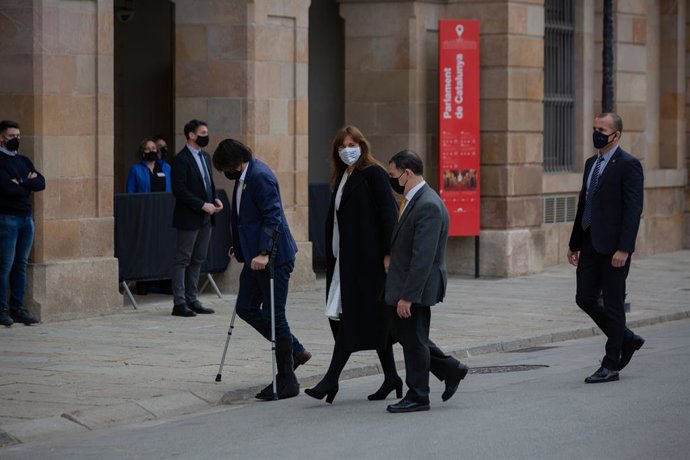 La candidata de Junts, Laura Borrs (c), arriba a l'Auditori del Parlament de Catalunya.
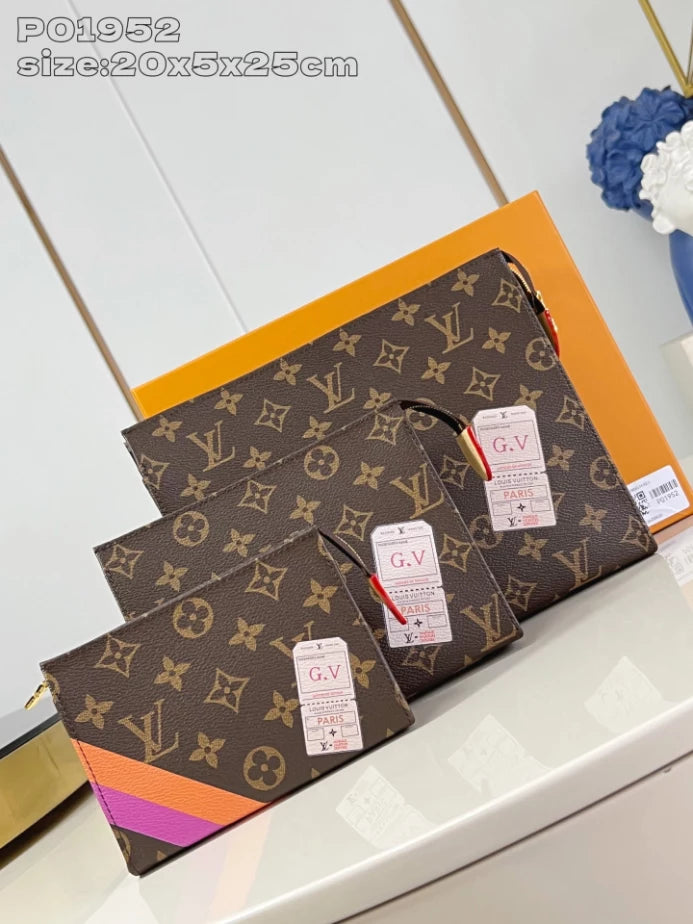 トリオ トイレポーチ モン モノグラム P01952 – LW384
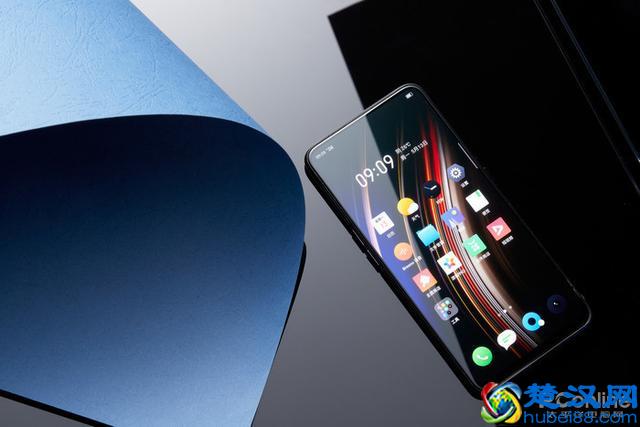 性能够用还不贵，这些高性价比手机值得入手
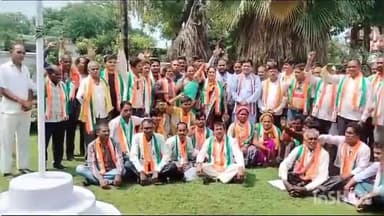डोंगरगढ़: विधायक भुनेश्वर बघेल के निवास में सैकड़ों लोगों ने ली कांग्रेस की सदस्यता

EXERCISE AIM:
Reproduce, word for word, every line from the one that contains "トリオ トイレポーチ モン モノグラム P01952 – LW384" to the end of the data, including both ends; omit all pictures.

RESPONSE:
 トリオ トイレポーチ モン モノグラム P01952 – LW384
 性能够用还不贵，这些高性价比手机值得入手
डोंगरगढ़: विधायक भुनेश्वर बघेल के निवास में सैकड़ों लोगों ने ली कांग्रेस की सदस्यता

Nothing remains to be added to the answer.